A large chunk of the United States is mired in an intense heat wave, with temperatures in some locations expected to reach the 100 degree mark for at least the immediate future.
According to the Associated Press, the heat wave has hit much of the Midwest and the South, with Dallas and Oklahoma City expect to bear the brunt of it. Forecasters issued heat advisories in 17 states on Monday, and the move came after a weekend which saw some of the highest temperatures in recent memory.
In small-town Hutchinson, Kansas, for instance, thermometers peaked at 112 degrees on Sunday afternoon and only fell to a sweltering 103 degrees on Monday.

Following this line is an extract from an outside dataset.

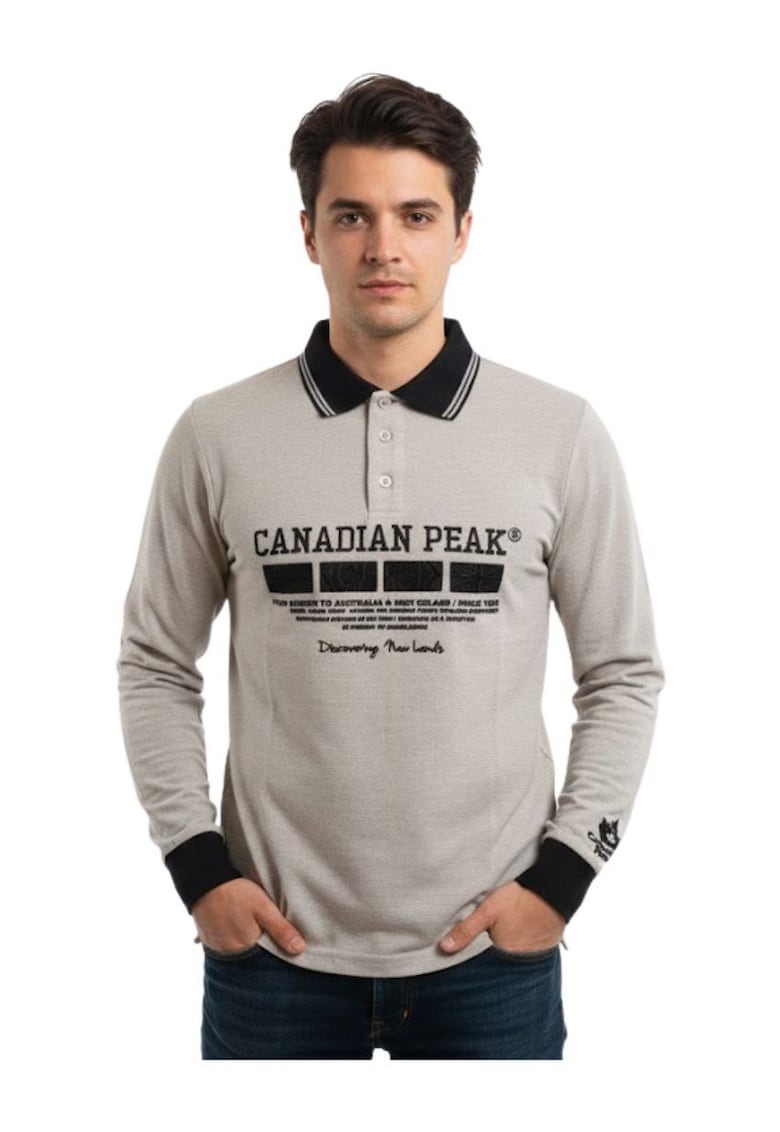 Bluza polo cu imprimeu logo Kinstar -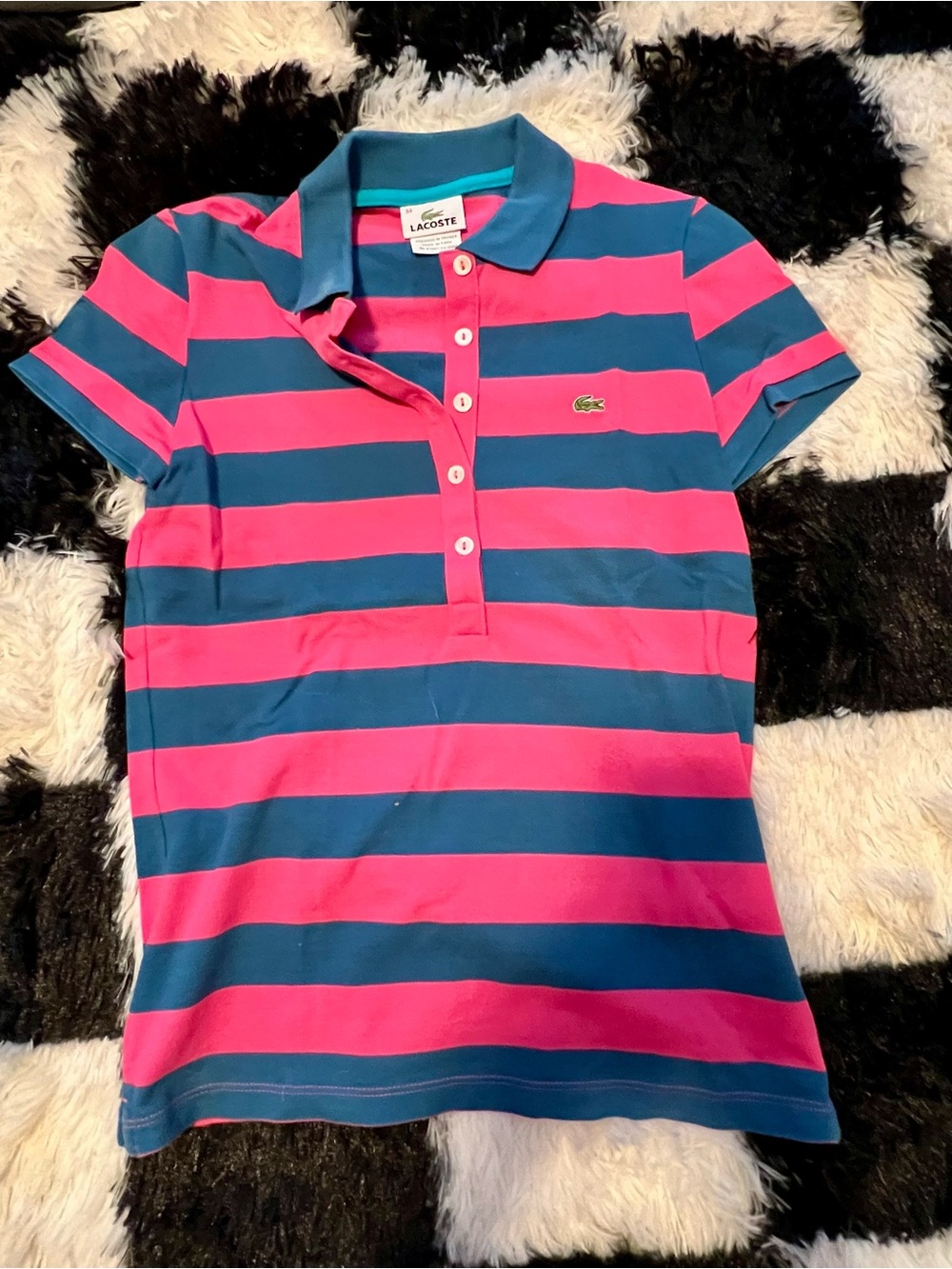 Lacoste Women's Pink and Blue Striped Polo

The same could be said for Joplin, Missouri, still recovering from a late May tornado, where the mercury rose as high as 106 degrees over the weekend.
This isn't a particularly new development either, as Oklahoma City has endured 13 straight days of heat over 100 degrees, and according to weather.com is expected to push it to 14 later today with similar temperatures expected for the near future as well.
"It's breaking daily records, but when you're talking about a record string of days – we're not there yet," National Weather Service spokesman Chris Vaccaro told the AP. "We're in the midst of a heat wave that's not over yet."
Such high levels of heat are not just uncomfortable, but dangerous. According to the New York Times, the continuous heat has been caused by a high pressure system that has stalled over the middle part of the country. Additionally, the Midwest and South have been in the middle of a lengthy drought that has not helped matters.